Exercise inputs:
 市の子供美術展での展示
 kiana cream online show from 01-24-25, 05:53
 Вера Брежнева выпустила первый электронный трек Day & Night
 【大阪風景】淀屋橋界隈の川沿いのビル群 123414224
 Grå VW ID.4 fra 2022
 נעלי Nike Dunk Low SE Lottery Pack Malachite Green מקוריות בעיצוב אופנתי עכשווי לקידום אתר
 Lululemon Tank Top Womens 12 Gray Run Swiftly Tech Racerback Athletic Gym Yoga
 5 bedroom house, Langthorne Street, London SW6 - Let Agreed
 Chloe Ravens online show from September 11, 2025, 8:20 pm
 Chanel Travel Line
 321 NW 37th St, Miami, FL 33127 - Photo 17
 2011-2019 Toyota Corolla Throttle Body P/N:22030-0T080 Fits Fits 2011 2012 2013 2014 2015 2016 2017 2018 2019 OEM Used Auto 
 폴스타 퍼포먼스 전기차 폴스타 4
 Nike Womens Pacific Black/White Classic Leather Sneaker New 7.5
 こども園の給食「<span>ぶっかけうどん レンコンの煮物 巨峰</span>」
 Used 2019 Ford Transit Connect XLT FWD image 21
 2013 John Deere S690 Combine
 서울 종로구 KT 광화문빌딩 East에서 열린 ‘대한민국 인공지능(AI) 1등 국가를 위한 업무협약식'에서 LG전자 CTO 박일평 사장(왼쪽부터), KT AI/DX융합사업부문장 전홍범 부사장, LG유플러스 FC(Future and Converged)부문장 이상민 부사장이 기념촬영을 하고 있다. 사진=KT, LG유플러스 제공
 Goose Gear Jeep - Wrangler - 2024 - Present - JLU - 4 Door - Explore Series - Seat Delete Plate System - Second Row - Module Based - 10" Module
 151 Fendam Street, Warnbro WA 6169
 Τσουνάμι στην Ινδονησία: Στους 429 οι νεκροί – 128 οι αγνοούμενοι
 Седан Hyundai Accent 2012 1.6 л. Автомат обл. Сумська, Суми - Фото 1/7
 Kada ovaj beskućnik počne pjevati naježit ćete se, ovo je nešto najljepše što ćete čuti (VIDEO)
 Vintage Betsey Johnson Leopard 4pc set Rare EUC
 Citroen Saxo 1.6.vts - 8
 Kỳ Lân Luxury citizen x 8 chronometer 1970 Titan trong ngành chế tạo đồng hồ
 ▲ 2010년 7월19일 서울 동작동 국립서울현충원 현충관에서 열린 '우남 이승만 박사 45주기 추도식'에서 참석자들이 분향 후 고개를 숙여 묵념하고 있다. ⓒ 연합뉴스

What you need to do: Your answer should be the lines of the listing above between the line holding "Lululemon Tank Top" and the line holding "321 NW 37th St, Miami, FL 33127 - Photo 17", inclusive, restated word for word and alone.

Answer:
 Lululemon Tank Top Womens 12 Gray Run Swiftly Tech Racerback Athletic Gym Yoga
 5 bedroom house, Langthorne Street, London SW6 - Let Agreed
 Chloe Ravens online show from September 11, 2025, 8:20 pm
 Chanel Travel Line
 321 NW 37th St, Miami, FL 33127 - Photo 17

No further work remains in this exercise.